Yeah same....I just dont know if I can take watching Foyle play another minute tho(I mean damn he sucks, lol). The dropoff from Dwight to him is just amaazingly huge. I count even expect him to a layup half the time, lol. Dwight alone tho, as well as a better effort from Lewis, should be more than enough to handle these guys if we play them down the road tho. If Dwight was playin more with good refs, this wouldve been a blowout.


----------



## Basel (Mar 31, 2005)

I don't think you can blame only the refs. Yeah, it wasn't a greatly officiated game, but you guys missed a ton of free throws down the stretch.


----------



## MickyEyez (Aug 25, 2006)

Idunkonyou said:


> The next time they play I expect the Magic to beat them by 40 just to prove a point.





season ender...


----------



## MickyEyez (Aug 25, 2006)

Basel57 said:


> I don't think you can blame only the refs. Yeah, it wasn't a greatly officiated game, but you guys missed a ton of free throws down the stretch.


that is absolutely true and you can always say "well if we wouldn't played better it shouldn't have mattered" but there was so much frustration from the entire team throughout the game that it probably ****ed with their heads. i don't care which sport of which team i'm watching, i hate to see bad officiating because that can always change the outcome and take the enjoyment out of a game.

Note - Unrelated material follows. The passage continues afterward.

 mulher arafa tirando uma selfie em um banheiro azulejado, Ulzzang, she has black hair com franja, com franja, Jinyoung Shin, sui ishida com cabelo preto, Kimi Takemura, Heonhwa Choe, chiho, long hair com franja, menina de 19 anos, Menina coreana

i'm not saying either way... but it just sucks when the game is not put in the players/coaches hands (throughout the game that is)


----------



## Blue (Jun 21, 2007)

Lol, I just noticed..........did u mean to call them the "Bullets" in your thread title......?


----------



## hobojoe (Jun 20, 2003)

I wasn't even surprised, I mean Brendan Haywood plays Anderson Varejao "defense" most of the time against anyone, and for some reason he's always been great at getting Dwight into foul trouble. He's so talented, I mean his ability to stick his face into Dwight's elbows is impeccable.


----------



## Idunkonyou (Feb 23, 2003)

hobojoe said:


> I wasn't even surprised, I mean Brendan Haywood plays Anderson Varejao "defense" most of the time against anyone, and for some reason he's always been great at getting Dwight into foul trouble. He's so talented, I mean his ability to stick his face into Dwight's elbows is impeccable.


:rofl2:

The Wizards win was a fluke to me. It took the refs being on their side, the worst game from Lewis, late missed FTs, Hedo missing a wide open layup, a wide open Howard at the end of the game and Howard being in foul trouble to get a 1 point win. It must have pissed the Magic off some thing awful because the 76ers are currently getting destroyed by us.


----------